Outra medida adotada é a implantação das barraginhas, que funcionam como uma
caixa d’água natural.
“O ideal seria uma ação conjunta:
municípios, proprietários e população, mas não há política que assegure a
preservação das nascentes”, reclama o técnico Joy Pena. O somatório das
nascentes é o que vai gerar os grandes corpos hídricos. “O que falta é política
pública direcionada para conservação e recuperação das nascentes. Temos ações
pontuais”, completa Marinez.
Pensando nisso, o Água Viva faz a
conscientização dos proprietários e dos moradores próximos às nascentes,
incluindo crianças da vizinhança no plantio das mudas. As cidades colaboram com
as máquinas para a construção das barraginhas. Esta é a segunda etapa do
projeto. No ano passado, Abadiânia, Silvânia e Corumbá de Goiás recuperaram
três nascentes, uma em cada município. Também foram plantadas 200 mudas em
Abadiânia; mil em Corumbá; e 500 em Silvânia, totalizando 1,7 mil. Além disso,
cerca de 300 pessoas participaram da ação.

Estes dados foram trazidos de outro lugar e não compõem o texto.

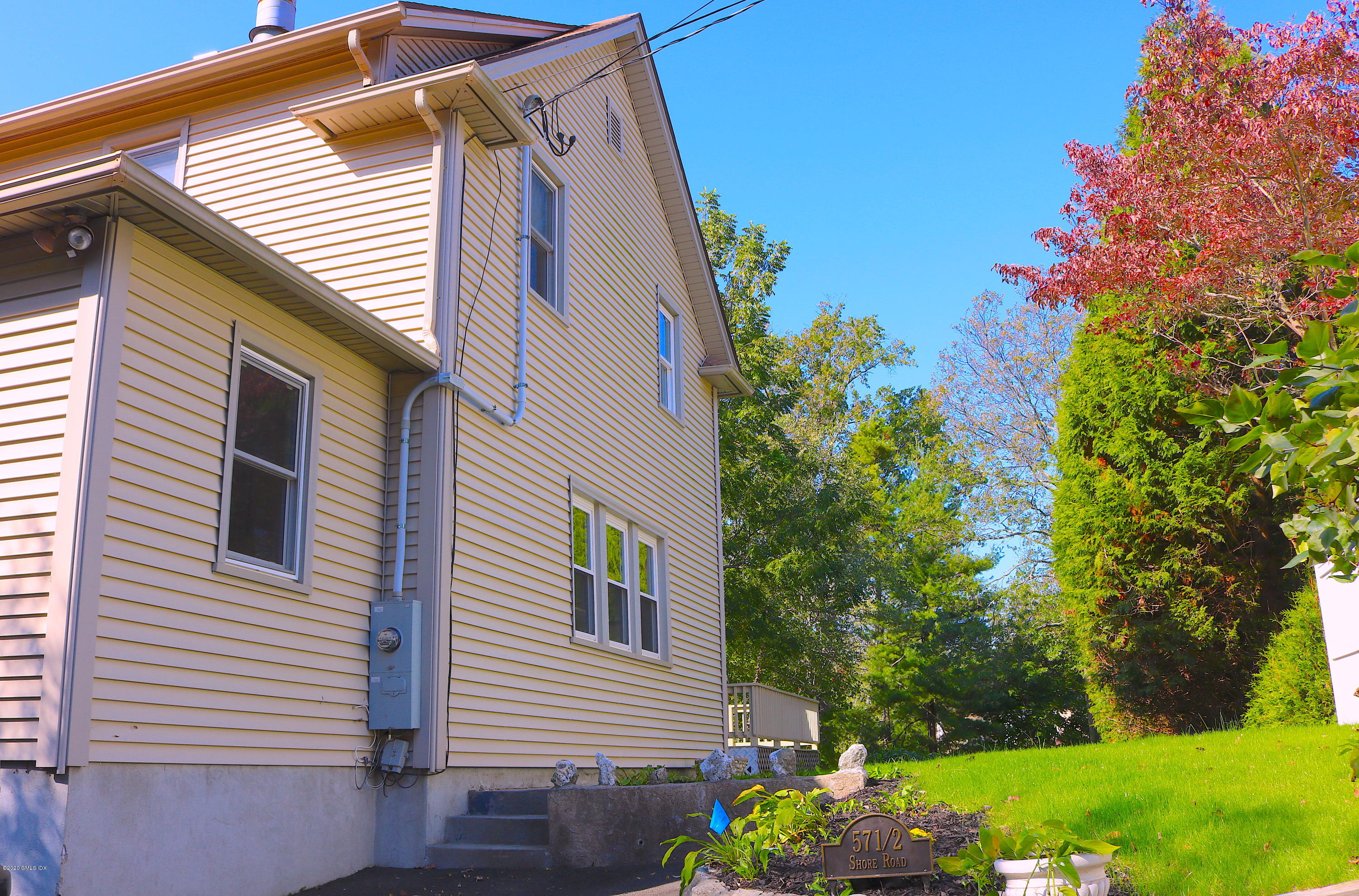 57 Shore Road Old Greenwich, CT 06870 - Photo 2 of 30 a front view of a house with a yard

Para saber mais - Soluções para a crise hídrica: Ontem, representantes da Agência Reguladora de Águas, Energia e Saneamento do Distrito Federal (Adasa) e da Companhia de Saneamento Ambiental do Distrito Federal (Caesb); promotores públicos; o secretário de Gestão do Território e Habitação, Thiago de Andrade; e o secretário do Meio Ambiente, André Rodolfo de Lima encontraram-se na reunião do Conselho de Recursos Hídricos para discutir as soluções para a crise hídrica do Distrito Federal dentro de curto e longo prazos.

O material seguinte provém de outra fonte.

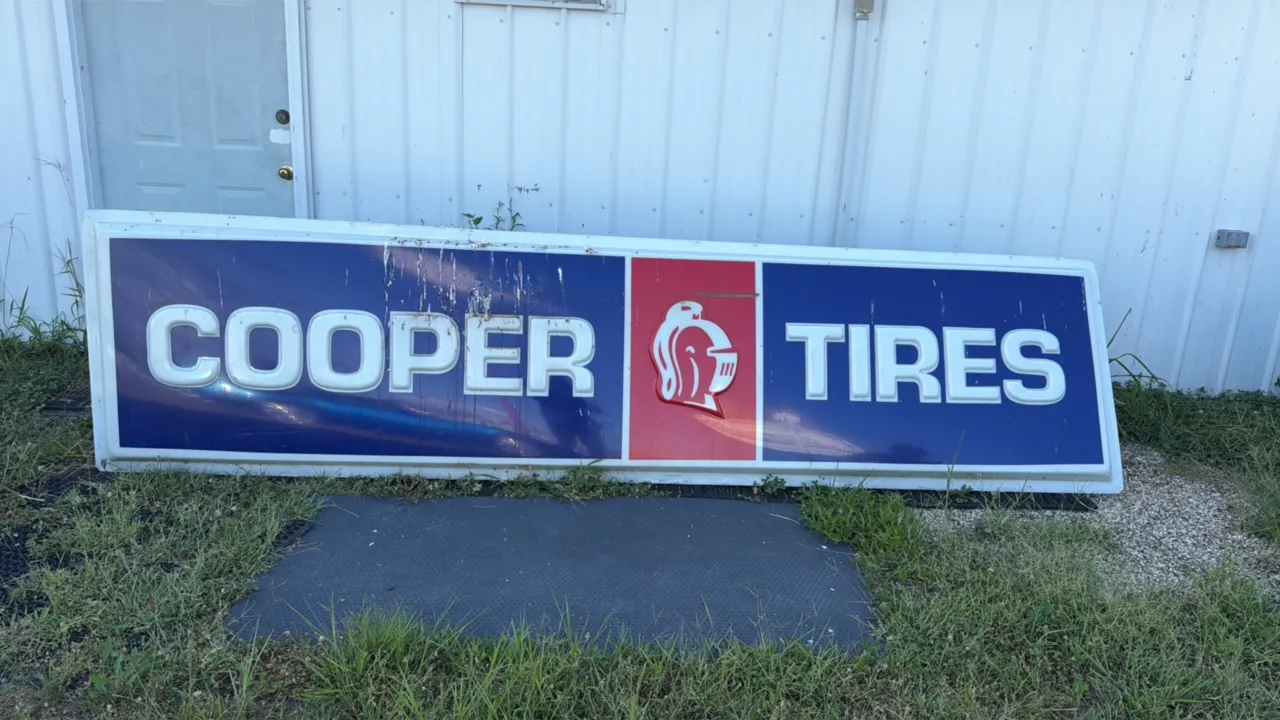 Cooper Tires Commercial Sign with Knight Logo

Além da necessidade de conscientizar a
população sobre o racionamento da água, os especialistas falaram sobre a
importância de se cuidar do solo e da infraestrutura de produção do recurso. No
fim, foi criado um grupo que, em 4 de outubro, apresentará um plano emergencial
de ação. “A reunião foi positiva. Precisamos engajar e mobilizar vários setores
da sociedade em uma campanha para redução de consumo, porque, mesmo com as
chuvas voltando, até para a capacidade do reservatório se restabelecer, depende
de vários fatores, entre eles, o racionamento. Isso foi um consenso dos
membros”, resumiu o secretário do Meio Ambiente.
As nascentes
Negreiros 1
Recentemente, foi instalada uma cerca para evitar a degradação da
Negreiros 1, no Novo Gama (GO). No local, é possível ver lixo de todo tipo,
como garrafas pets, restos de fogueira e bitucas de cigarro. Além disso, há
residências que não estão de acordo com o limite definido pelo Código Florestal
e ficam à margem da nascente.
Boa
Vista
A Boa Vista não participará do projeto de recuperação, porque é
economicamente inviável em decorrência do processo de erosão, que chega a quase
30 metros de profundidade. Também acumula lixo e esgoto nas imediações.
Do
Jardim Ingá
A do Jardim Ingá sofreu com o processo
de urbanização. Ela está localizada em frente a um lava a jato e, além da
enorme erosão, a água tem cor escura e mau cheiro. No mesmo espaço, fica
também uma parte do tratamento de esgoto da região.
De Luziânia
Localizada dentro da Fazenda Barro
Preto, a nascente, em Luziânia, é um exemplo a ser seguido. Está em uma
área isolada, dentro de uma mata fechada. A água é cristalina e preserva a
vida animal, como mostra o proprietário do terreno, José Vicente Gonçalves.